Locate "Children learning leather-craft" in the listing. Transcribe the line that contains it and every line that follows, through the last, omitting all pictures.

----------------

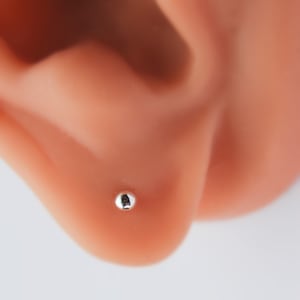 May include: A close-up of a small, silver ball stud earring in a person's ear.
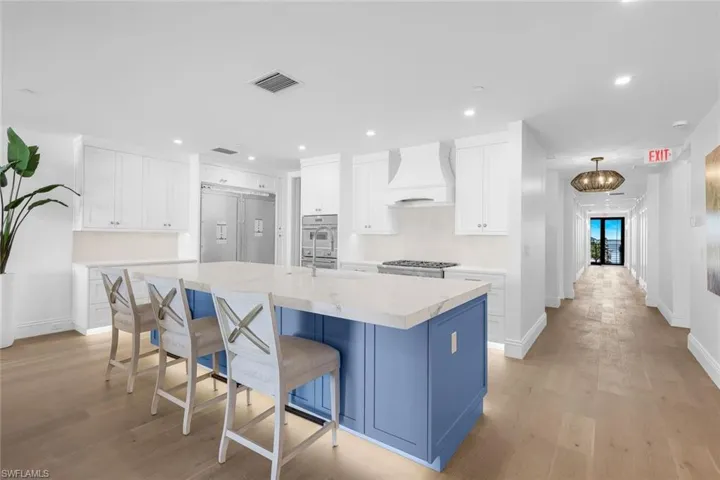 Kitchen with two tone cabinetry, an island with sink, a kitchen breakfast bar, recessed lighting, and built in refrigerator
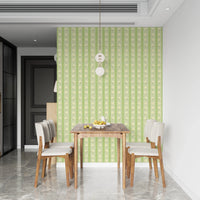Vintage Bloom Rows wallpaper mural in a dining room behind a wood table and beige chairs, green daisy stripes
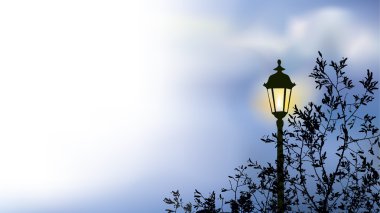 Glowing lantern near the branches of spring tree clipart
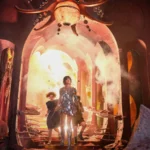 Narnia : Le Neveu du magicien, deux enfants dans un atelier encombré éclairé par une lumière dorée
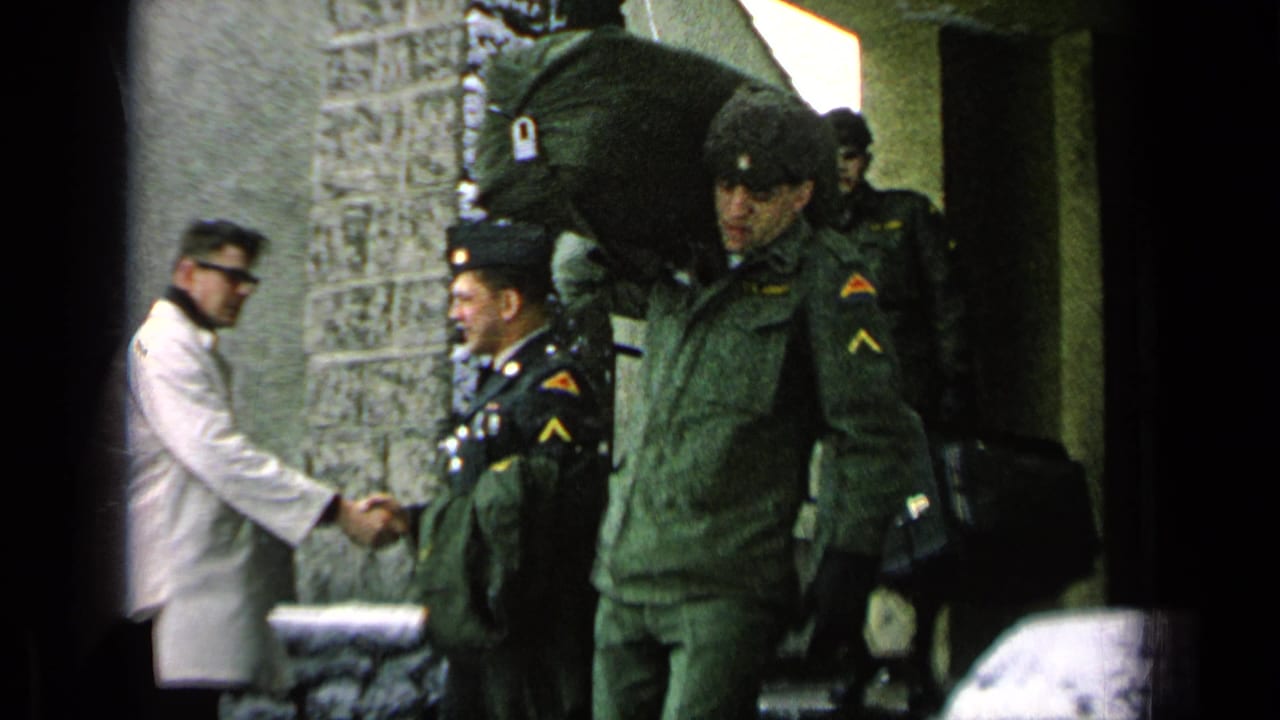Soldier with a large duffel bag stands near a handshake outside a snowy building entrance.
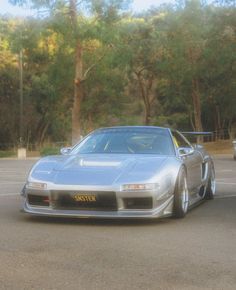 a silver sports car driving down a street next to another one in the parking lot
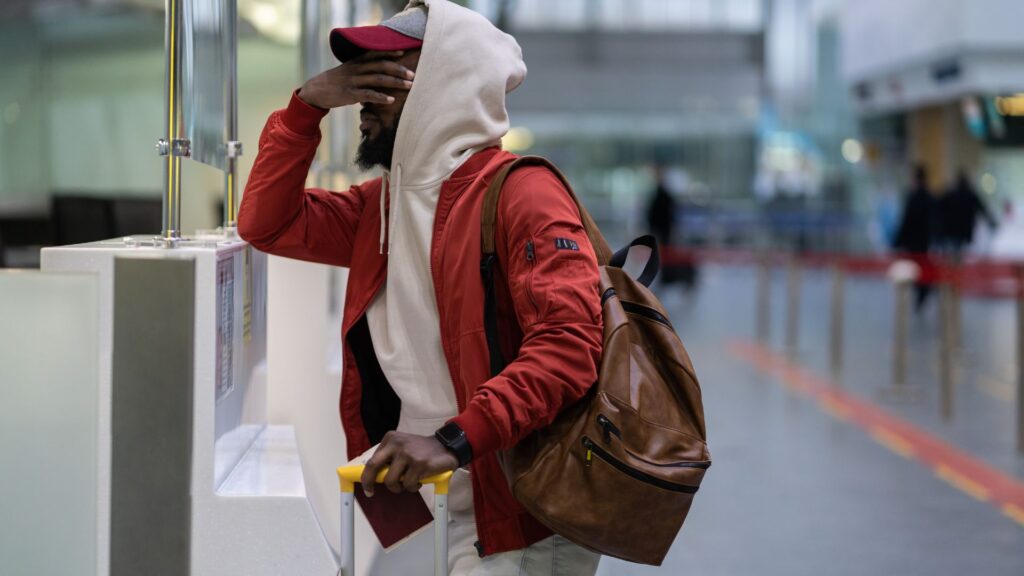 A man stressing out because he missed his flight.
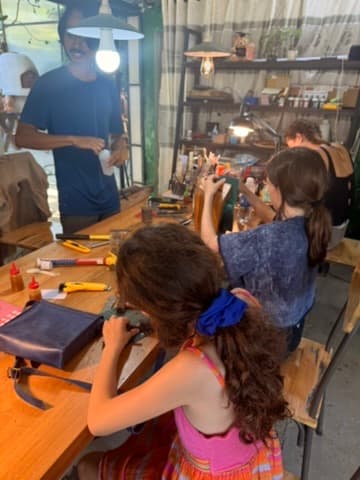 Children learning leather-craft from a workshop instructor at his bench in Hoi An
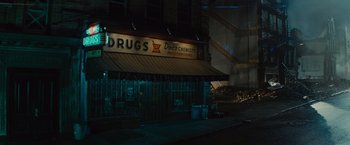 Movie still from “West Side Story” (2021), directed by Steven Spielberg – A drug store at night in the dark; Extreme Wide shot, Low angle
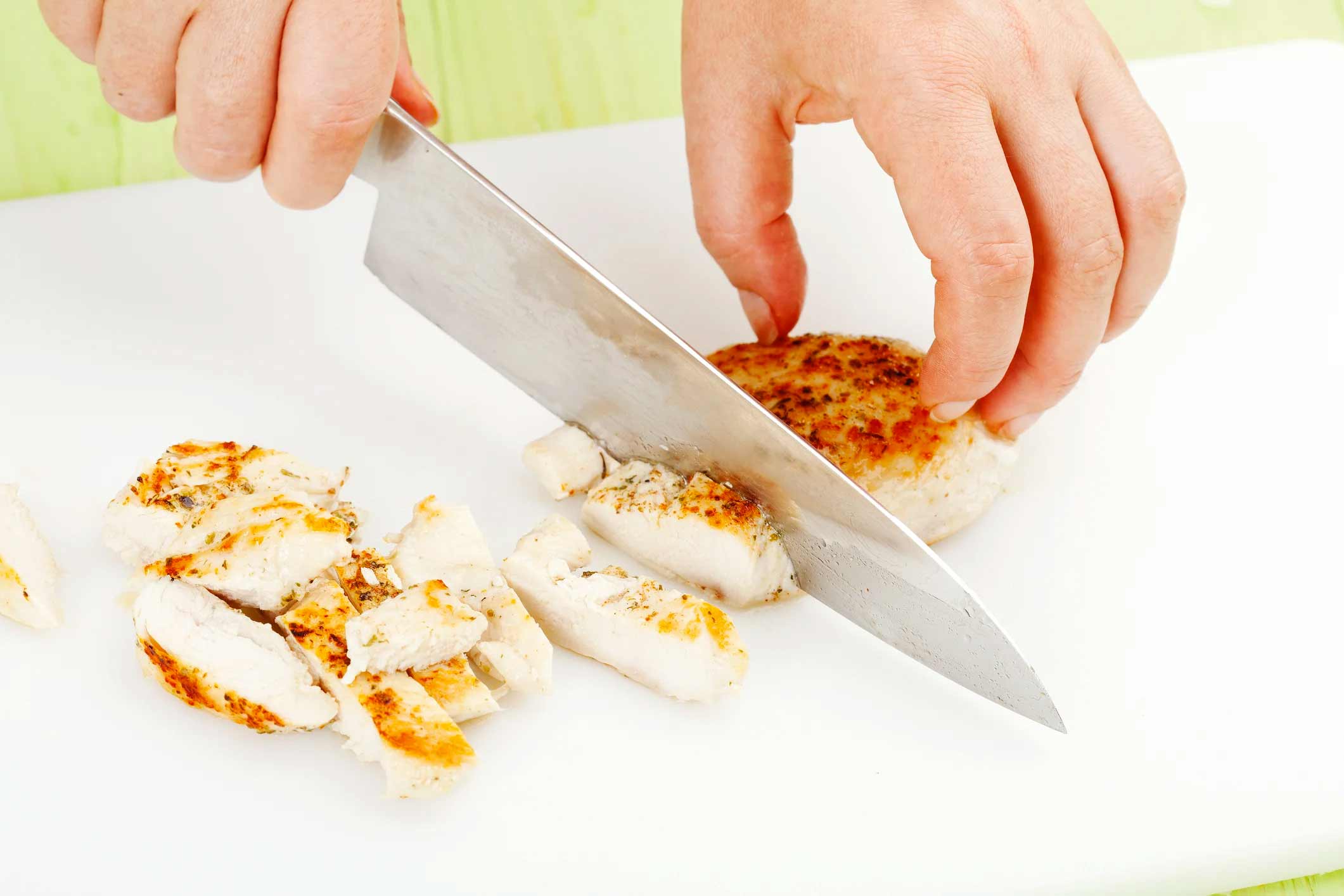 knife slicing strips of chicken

----------------

→ **ANSWER BOX**:
 Children learning leather-craft from a workshop instructor at his bench in Hoi An
 Movie still from “West Side Story” (2021), directed by Steven Spielberg – A drug store at night in the dark; Extreme Wide shot, Low angle
 knife slicing strips of chicken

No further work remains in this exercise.